Captioned web image data:
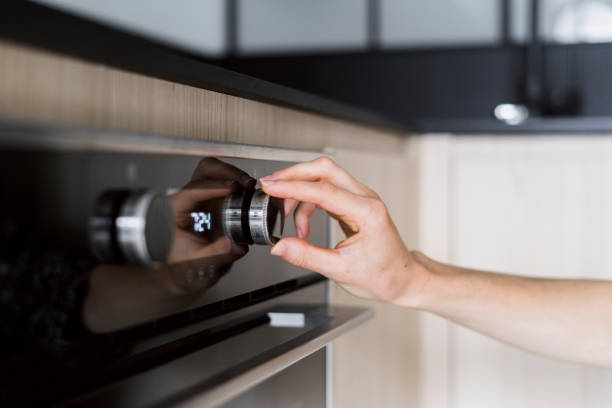 istock Woman hand regulate button, choosing microwave mode at modern oven 2148543244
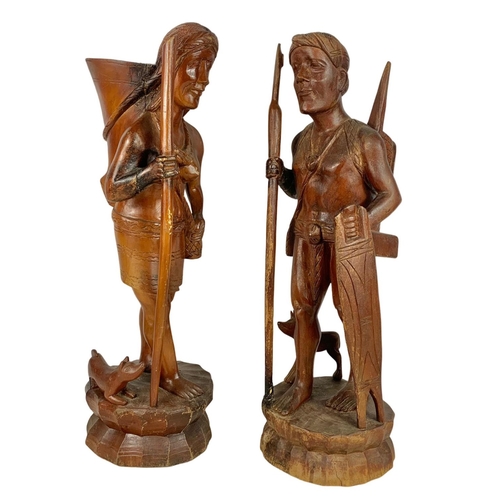 185 - A pair of tall carved wooden figures. 61cm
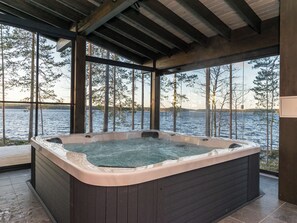 Een jacuzzi in een overdekte ruimte met uitzicht op een meer en bomen.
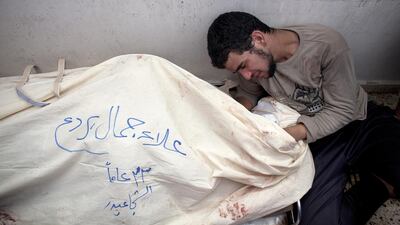 A man mourns over his dead relative at the morgue in Shifa Hospital in Gaza City. At least 66 Palestinians were killed in the Shujaieh neighbourhood, which was heavily shelled by Israel during fighting, in Gaza City on July 20, 2014. Heidi Levine for The National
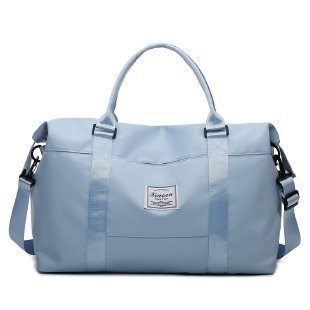 Light blue women's travel duffel bag with adjustable straps and spacious interior for convenience
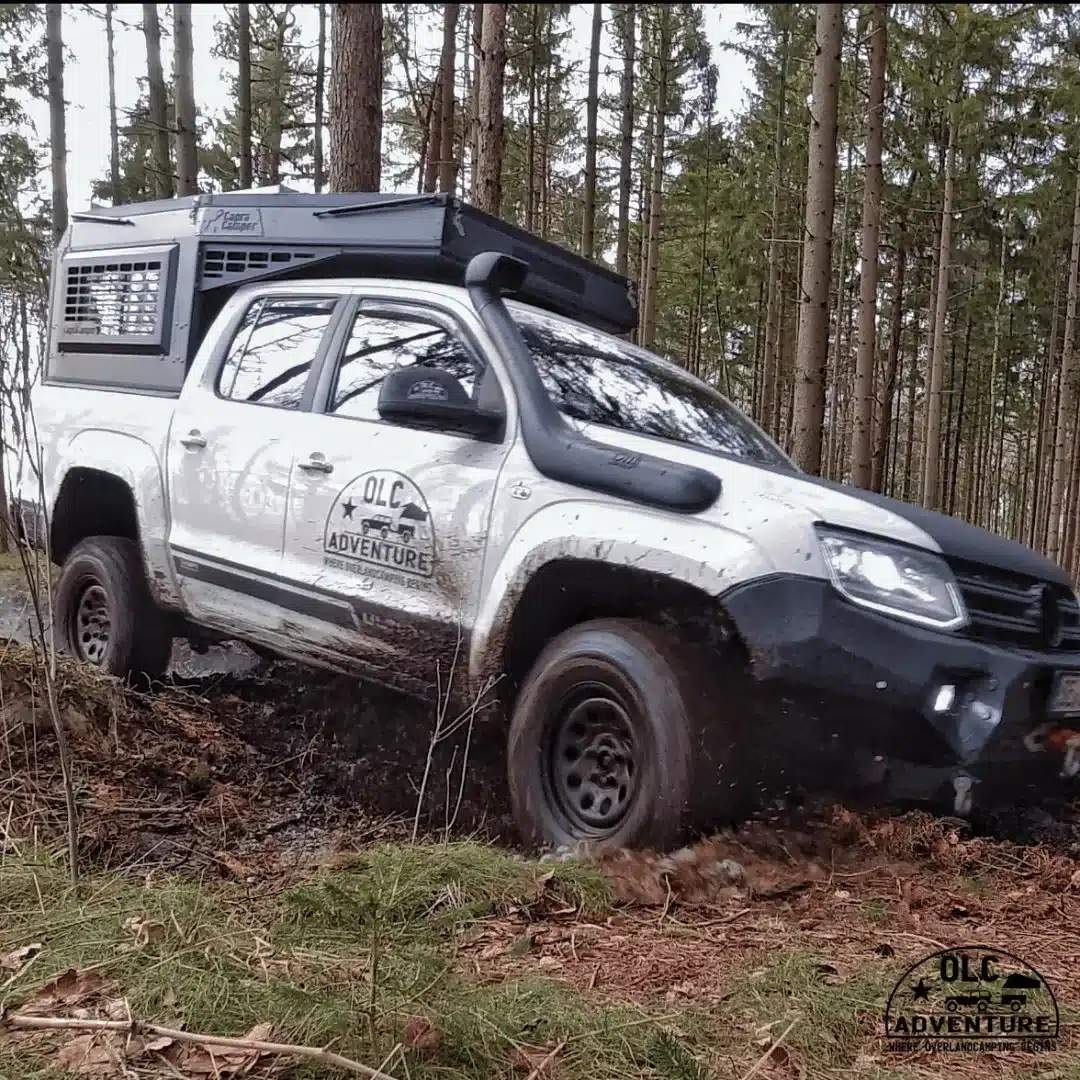 Pick-up mit Capra Camper 3.0 Wohnkabine von OLC Adventure fährt durch matschigen Waldweg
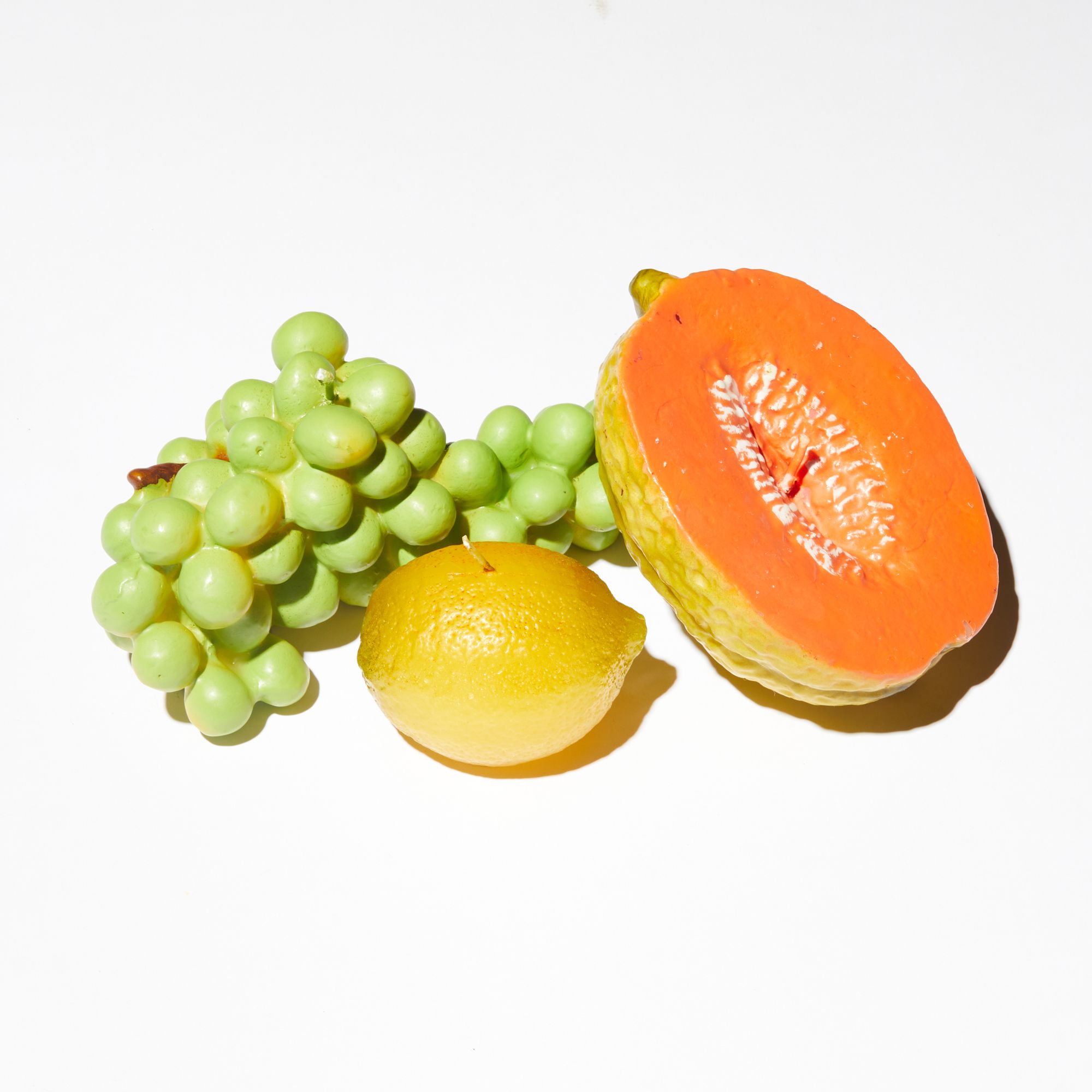 Three candles made in the likeness of a halved cantaloupe, a lemon and a bunch of green grapes 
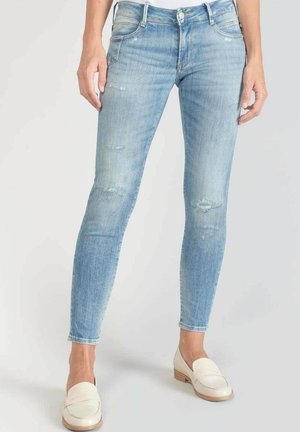 Skinny jeans in light blue denim, featuring a faded wash, distressed details, and classic five-pocket design. Paired with cream loafers.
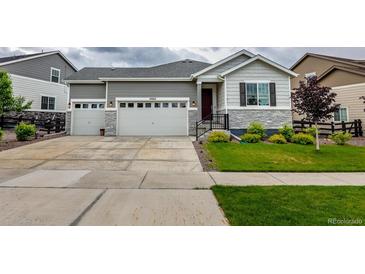 Charming two-story home with landscaped yard and attached two car garage at 22662 E Narrowleaf Cir, Aurora, CO 80016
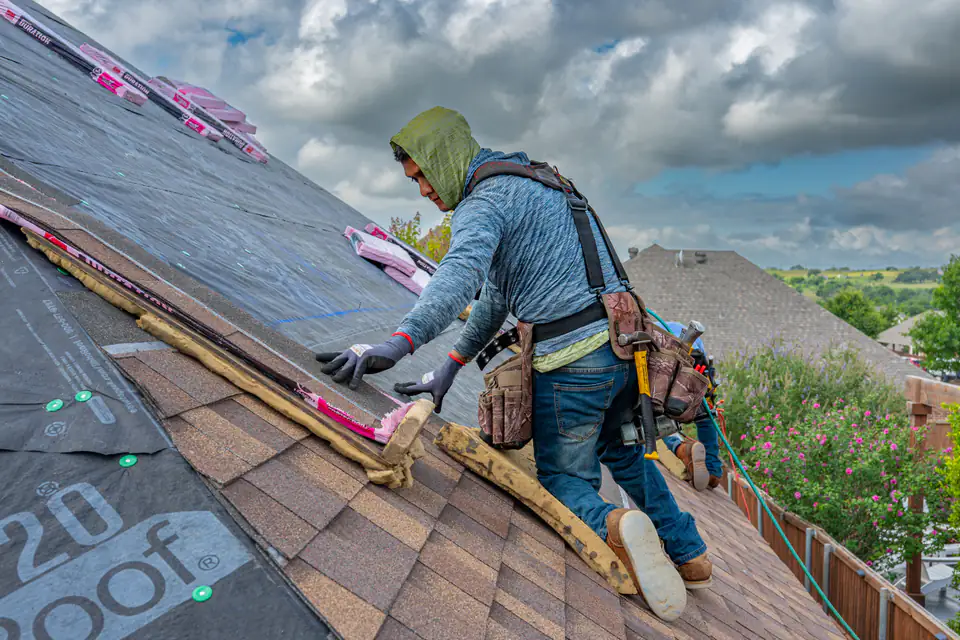 Roofers installing shingles on a home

▶ [Description of the task] Using the data above, print only the lines starting at the one with "A man mourns" and ending at the one with "Pick-up mit Capra", exactly as they stand, minus the pictures.

▶ [Solution]
 A man mourns over his dead relative at the morgue in Shifa Hospital in Gaza City. At least 66 Palestinians were killed in the Shujaieh neighbourhood, which was heavily shelled by Israel during fighting, in Gaza City on July 20, 2014. Heidi Levine for The National
 Light blue women's travel duffel bag with adjustable straps and spacious interior for convenience
 Pick-up mit Capra Camper 3.0 Wohnkabine von OLC Adventure fährt durch matschigen Waldweg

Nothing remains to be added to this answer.